정식 출시 전에 스트림 페이로드에 새 작업 유형(업데이트를 위한 `"op": "u"`)을 추가합니다. 애플리케이션이 이러한 변경 사항을 수정하지 않고 처리하도록 하려면 `after` 페이로드를 적용하여 인식할 수 없는 `op` 값을 업서트로 취급합니다. 세부 정보는 [CDC 레코드 이해](cdc-record-format.md) 섹션을 참조하세요.

이 가이드에서는 Aurora DSQL 클러스터에서 Amazon Kinesis 데이터 스트림으로 커밋된 행 수준 변경 사항 스트리밍을 시작하는 데 필요한 모든 단계를 안내합니다. 이 가이드가 끝날 때까지 유효한 CDC 파이프라인과 변경 레코드를 읽고 인쇄하는 Python 스크립트를 생성했습니다.

## 사전 조건
<a name="cdc-prerequisites"></a>

시작하기 전에 다음을 확인합니다.
+ Aurora DSQL 클러스터를 `ACTIVE` 상태로 생성했습니다. 클러스터가 유휴 상태인 경우 CDC 스트림을 생성하기 전에 PostgreSQL 호환 클라이언트와 연결하여 해제합니다. `CreateStream`은 클러스터가 `ACTIVE` 상태가 아닌 경우 검증 오류를 반환합니다.
+ Aurora DSQL을 사용하려면 클러스터, Amazon Kinesis 데이터 스트림, IAM 서비스 역할, 직접 호출 위탁자 등 모든 CDC 리소스가 동일한 AWS 계정에 있어야 합니다.
+ Amazon Kinesis 데이터 스트림은 Aurora DSQL 클러스터와 동일한 AWS 리전에 있습니다.
+ IAM 역할 및 Amazon Kinesis 데이터 스트림을 생성할 권한이 있는 자격 증명으로 AWS CLI를 설치하고 구성했습니다.
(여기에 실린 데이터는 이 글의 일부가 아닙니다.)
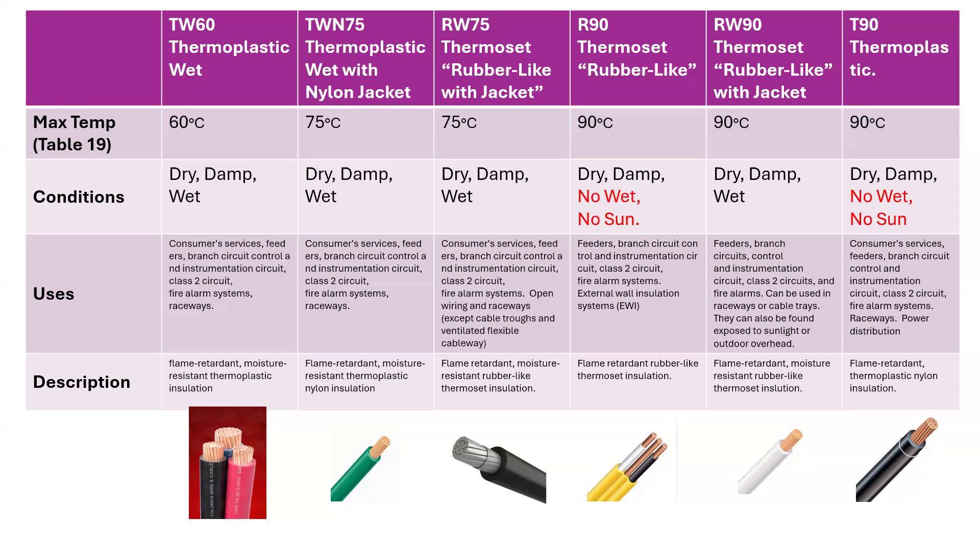The W that you see in here usually applies to the fact that it is used in a wet location. So the W here applies to wet — it means that it can be used in a wet location, so a wet location up to 60 degrees, for example.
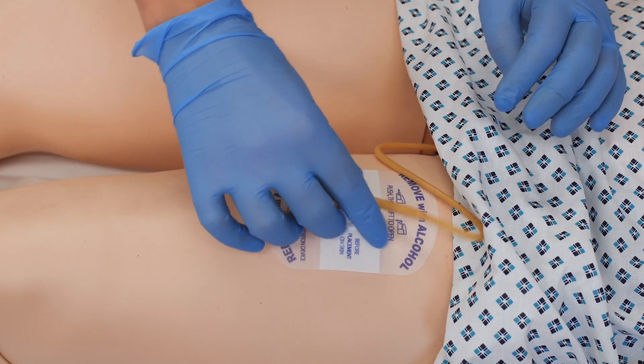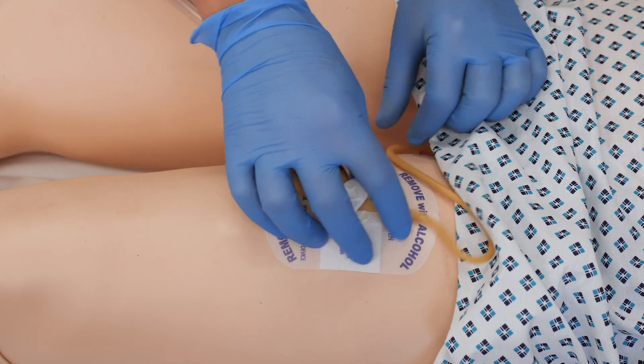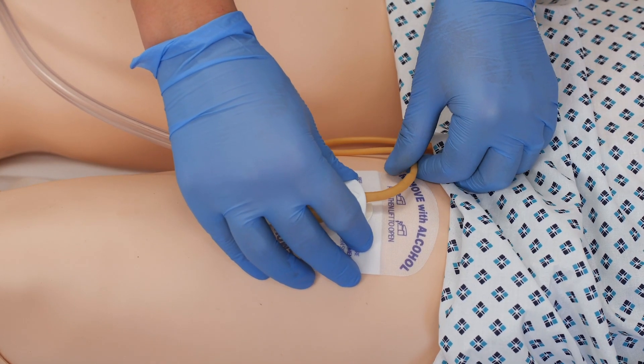The device has a spinning function so it's not set in place. This allows the patient movement and allows them to mobilize. It keeps the catheter stable but does give that bit of flexibility as well.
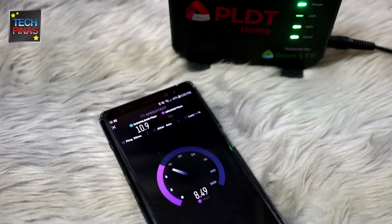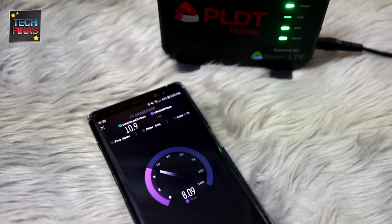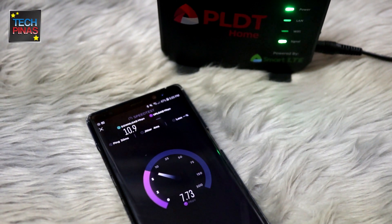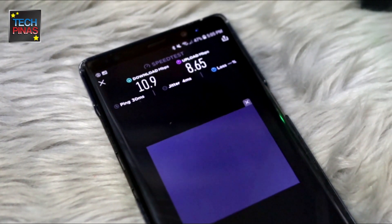In real-world use, as shown in these speed test results, PLDT Home Wi-Fi was able to give me 10.9 Mbps download speed and 8.65 Mbps upload speed, which are not bad at all for a prepaid data connection.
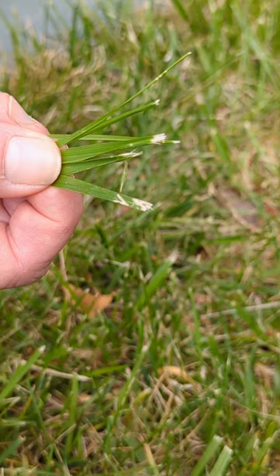So make sure that your mower blades are sharpened so that you don't have these frayed leaves and have a clear cut appearance.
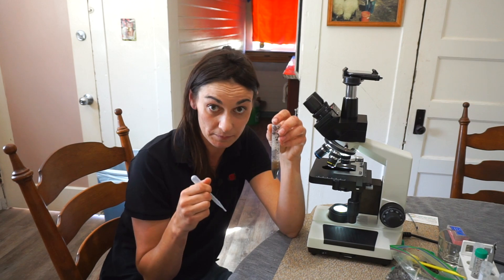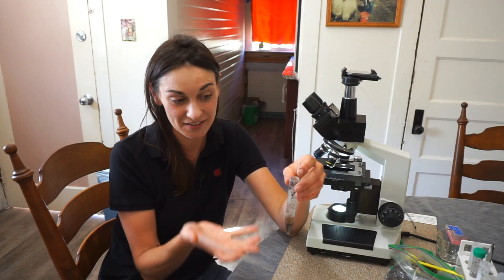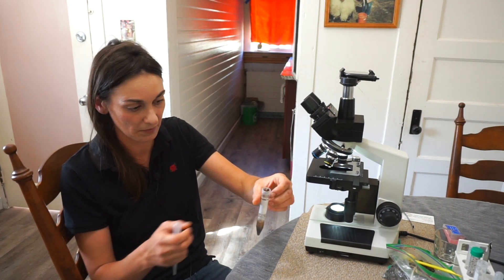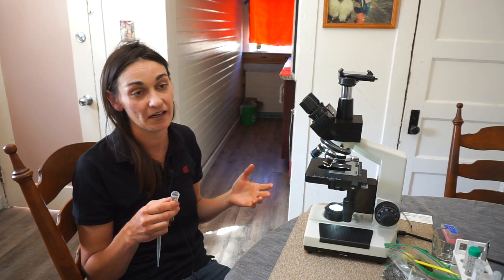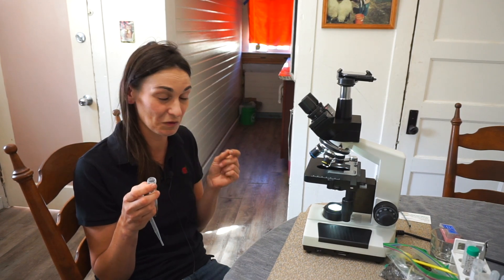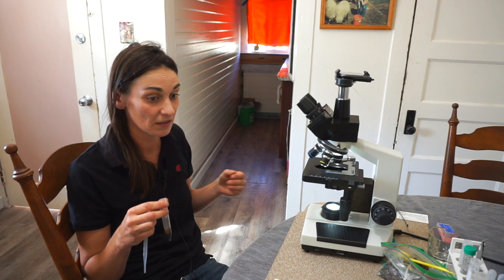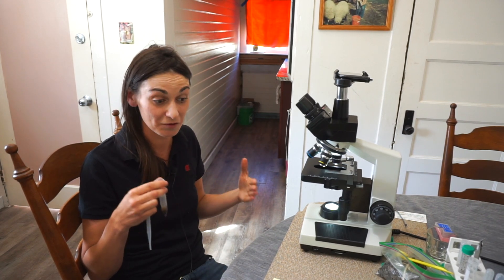Nematodes tend to sink towards the bottom — they're heavier, and there's no oxygen in here so there's nothing to keep them going until you shake it up again. Flagellates tend to float more to the top, depending on the quality of your sample. I've noticed in taking samples that I tend to find more nematodes when I pull from the bottom. So if you only look at one slide, you're not looking at it enough, because there's so much life in such a small amount of soil it will blow your mind. The chemistry of soil will change from one millimeter to the next, and so will the microbial community.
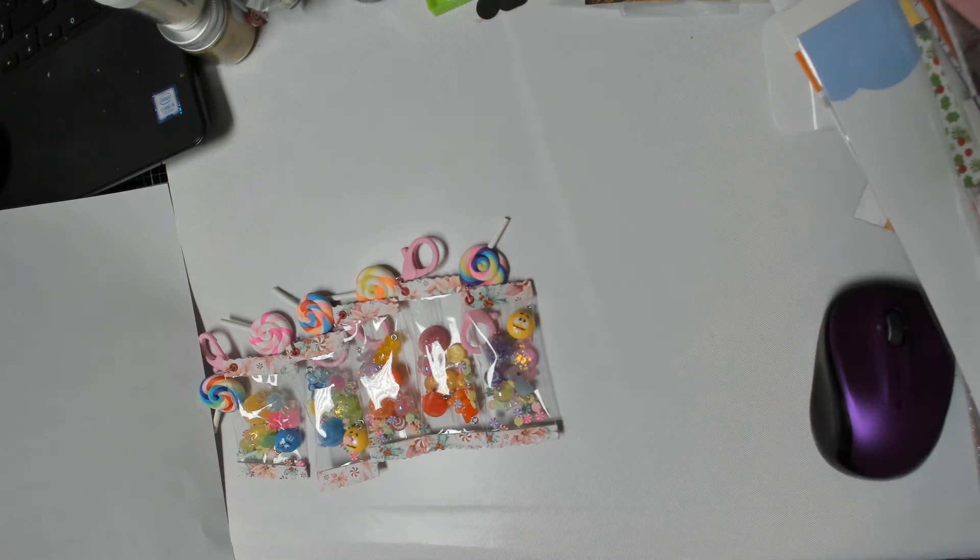Hi guys, this is Dee with Dee's Crafts, and I'm here with a Hard Candy Christmas collab hosted by Susan of Craft Adventures with Susan Tootsie Tucker and her bestie Linda of Linda's Crafty Doodahs and Poopahs. It's a three-week collab, it's all crafters' choice — it just has to be candy related. I will list Susan and Linda and all the other collaborators' information down below, so please go check them out, give them a like, subscribe, and show them some love.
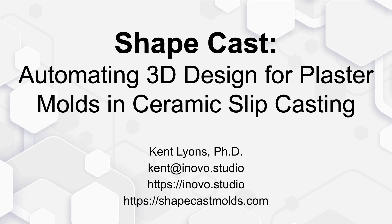In this video we're talking about ShapeCast, automating 3D design for plaster molds and ceramic slip casting. I'm Kent Lyons, I'm with Inovo Studio, where we conduct novel research and take it all the way to products.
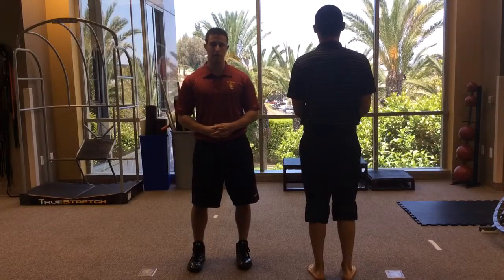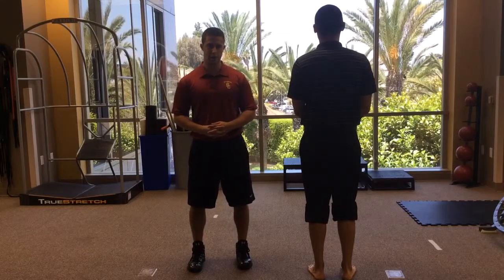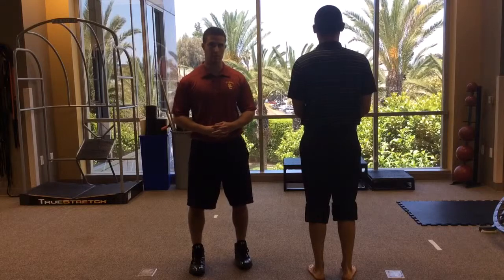Toe walking is one of the gait breakdowns I like to use for some of my athletes. The purpose of this is to look at how much toe extension they're getting, to look at the calves, and as well as looking at where they're bearing their weight. You can really assess the peroneal strength with something like this.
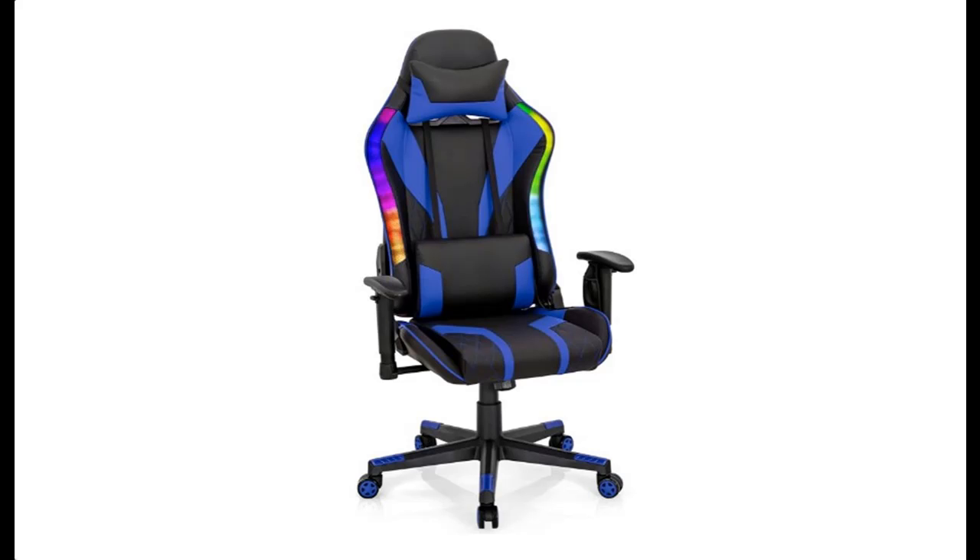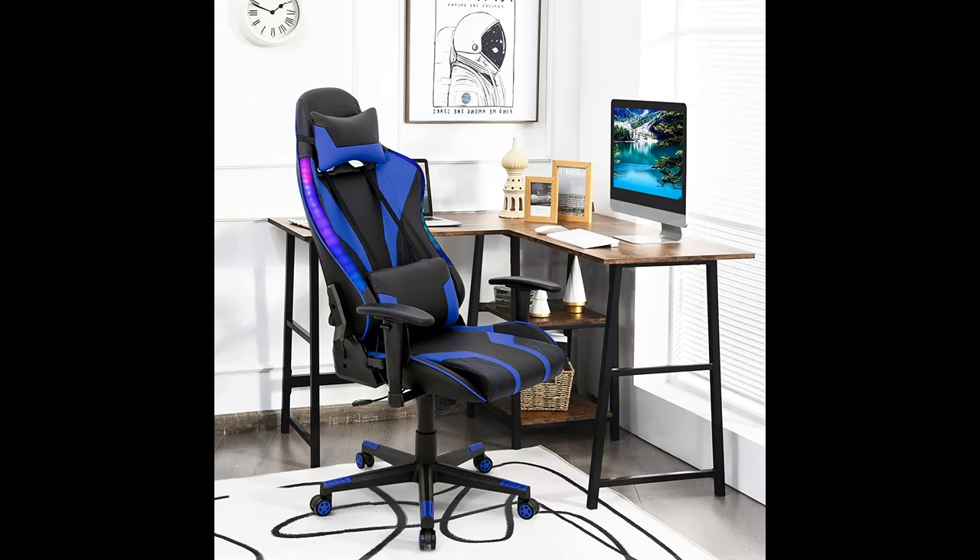Introducing a short overview with pictures of the Giantex gaming chair with RGB LED lights — an ergonomic video game chair with a high-back PVC leather eSport computer design, adjustable with headrest and lumbar support.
## 1단계: Amazon Kinesis 데이터 스트림 생성
<a name="cdc-step1-kinesis"></a>

Aurora DSQL 클러스터와 동일한 AWS 계정 및 리전에 Kinesis 데이터 스트림을 생성합니다. JSON 형식에는 열 이름, 메타데이터 및 인코딩 오버헤드가 포함되므로 CDC 레코드는 해당 Aurora DSQL 행보다 큽니다.

### Kinesis 데이터 스트림 크기 조정
<a name="cdc-sizing"></a>

Aurora DSQL CDC는 모든 변경 사항에 대해 전체 행을 제공합니다. 단일 열을 터치하는 업데이트는 행의 모든 열을 포함하는 레코드를 생성합니다. 레코드 삭제는 예외이며 프라이머리 키 열만 포함합니다.

**평균 레코드 크기 추정**  
평균 온디스크 행 크기를 측정하여 CDC가 생성할 볼륨을 이해하고 크기 초과 레코드를 예측합니다. 다음 쿼리는 테이블의 평균 튜플 크기를 바이트 단위로 반환합니다.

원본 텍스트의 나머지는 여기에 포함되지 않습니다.